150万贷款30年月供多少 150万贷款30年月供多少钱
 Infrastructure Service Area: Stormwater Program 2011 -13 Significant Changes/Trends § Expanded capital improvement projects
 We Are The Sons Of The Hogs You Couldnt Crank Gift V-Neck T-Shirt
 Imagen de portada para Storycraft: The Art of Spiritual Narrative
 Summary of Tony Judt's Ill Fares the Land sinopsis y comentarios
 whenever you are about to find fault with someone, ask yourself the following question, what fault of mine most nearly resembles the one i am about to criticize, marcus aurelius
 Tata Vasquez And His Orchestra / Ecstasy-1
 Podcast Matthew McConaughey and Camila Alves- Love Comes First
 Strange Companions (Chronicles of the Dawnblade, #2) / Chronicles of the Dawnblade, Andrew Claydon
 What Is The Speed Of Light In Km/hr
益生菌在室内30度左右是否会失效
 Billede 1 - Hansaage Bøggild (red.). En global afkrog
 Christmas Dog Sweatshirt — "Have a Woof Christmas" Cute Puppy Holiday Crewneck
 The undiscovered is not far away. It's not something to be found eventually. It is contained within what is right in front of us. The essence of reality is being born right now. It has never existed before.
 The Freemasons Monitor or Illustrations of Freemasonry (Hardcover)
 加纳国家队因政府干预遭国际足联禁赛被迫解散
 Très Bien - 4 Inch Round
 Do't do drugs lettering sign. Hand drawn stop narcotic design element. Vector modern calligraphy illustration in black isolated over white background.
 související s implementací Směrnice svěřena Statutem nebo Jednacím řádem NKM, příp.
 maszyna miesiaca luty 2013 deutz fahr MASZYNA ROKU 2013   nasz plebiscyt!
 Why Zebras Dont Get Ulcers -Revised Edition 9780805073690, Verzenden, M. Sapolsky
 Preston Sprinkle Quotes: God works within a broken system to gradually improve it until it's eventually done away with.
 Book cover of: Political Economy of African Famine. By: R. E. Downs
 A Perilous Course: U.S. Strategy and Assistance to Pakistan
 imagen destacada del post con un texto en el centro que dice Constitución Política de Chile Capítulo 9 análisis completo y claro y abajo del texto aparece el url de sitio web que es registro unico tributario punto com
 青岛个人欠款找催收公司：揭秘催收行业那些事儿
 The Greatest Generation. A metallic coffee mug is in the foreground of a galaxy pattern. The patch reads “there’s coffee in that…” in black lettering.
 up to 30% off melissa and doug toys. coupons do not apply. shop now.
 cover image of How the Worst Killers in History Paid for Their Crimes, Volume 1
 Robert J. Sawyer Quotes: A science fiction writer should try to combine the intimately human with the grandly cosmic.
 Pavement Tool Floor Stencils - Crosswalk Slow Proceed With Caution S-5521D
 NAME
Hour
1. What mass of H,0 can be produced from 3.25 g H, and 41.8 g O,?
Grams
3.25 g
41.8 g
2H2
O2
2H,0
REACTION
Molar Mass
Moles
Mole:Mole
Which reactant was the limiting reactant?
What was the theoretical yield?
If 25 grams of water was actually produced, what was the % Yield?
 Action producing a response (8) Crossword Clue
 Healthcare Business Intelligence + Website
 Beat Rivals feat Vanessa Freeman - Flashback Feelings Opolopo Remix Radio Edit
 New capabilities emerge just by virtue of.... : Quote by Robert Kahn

------------------------------------

REQUIREMENT: Print the whole listing again, exactly.

SOLVED EXERCISE:
150万贷款30年月供多少 150万贷款30年月供多少钱
 Infrastructure Service Area: Stormwater Program 2011 -13 Significant Changes/Trends § Expanded capital improvement projects
 We Are The Sons Of The Hogs You Couldnt Crank Gift V-Neck T-Shirt
 Imagen de portada para Storycraft: The Art of Spiritual Narrative
 Summary of Tony Judt's Ill Fares the Land sinopsis y comentarios
 whenever you are about to find fault with someone, ask yourself the following question, what fault of mine most nearly resembles the one i am about to criticize, marcus aurelius
 Tata Vasquez And His Orchestra / Ecstasy-1
 Podcast Matthew McConaughey and Camila Alves- Love Comes First
 Strange Companions (Chronicles of the Dawnblade, #2) / Chronicles of the Dawnblade, Andrew Claydon
 What Is The Speed Of Light In Km/hr
益生菌在室内30度左右是否会失效
 Billede 1 - Hansaage Bøggild (red.). En global afkrog
 Christmas Dog Sweatshirt — "Have a Woof Christmas" Cute Puppy Holiday Crewneck
 The undiscovered is not far away. It's not something to be found eventually. It is contained within what is right in front of us. The essence of reality is being born right now. It has never existed before.
 The Freemasons Monitor or Illustrations of Freemasonry (Hardcover)
 加纳国家队因政府干预遭国际足联禁赛被迫解散
 Très Bien - 4 Inch Round
 Do't do drugs lettering sign. Hand drawn stop narcotic design element. Vector modern calligraphy illustration in black isolated over white background.
 související s implementací Směrnice svěřena Statutem nebo Jednacím řádem NKM, příp.
 maszyna miesiaca luty 2013 deutz fahr MASZYNA ROKU 2013   nasz plebiscyt!
 Why Zebras Dont Get Ulcers -Revised Edition 9780805073690, Verzenden, M. Sapolsky
 Preston Sprinkle Quotes: God works within a broken system to gradually improve it until it's eventually done away with.
 Book cover of: Political Economy of African Famine. By: R. E. Downs
 A Perilous Course: U.S. Strategy and Assistance to Pakistan
 imagen destacada del post con un texto en el centro que dice Constitución Política de Chile Capítulo 9 análisis completo y claro y abajo del texto aparece el url de sitio web que es registro unico tributario punto com
 青岛个人欠款找催收公司：揭秘催收行业那些事儿
 The Greatest Generation. A metallic coffee mug is in the foreground of a galaxy pattern. The patch reads “there’s coffee in that…” in black lettering.
 up to 30% off melissa and doug toys. coupons do not apply. shop now.
 cover image of How the Worst Killers in History Paid for Their Crimes, Volume 1
 Robert J. Sawyer Quotes: A science fiction writer should try to combine the intimately human with the grandly cosmic.
 Pavement Tool Floor Stencils - Crosswalk Slow Proceed With Caution S-5521D
 NAME
Hour
1. What mass of H,0 can be produced from 3.25 g H, and 41.8 g O,?
Grams
3.25 g
41.8 g
2H2
O2
2H,0
REACTION
Molar Mass
Moles
Mole:Mole
Which reactant was the limiting reactant?
What was the theoretical yield?
If 25 grams of water was actually produced, what was the % Yield?
 Action producing a response (8) Crossword Clue
 Healthcare Business Intelligence + Website
 Beat Rivals feat Vanessa Freeman - Flashback Feelings Opolopo Remix Radio Edit
 New capabilities emerge just by virtue of.... : Quote by Robert Kahn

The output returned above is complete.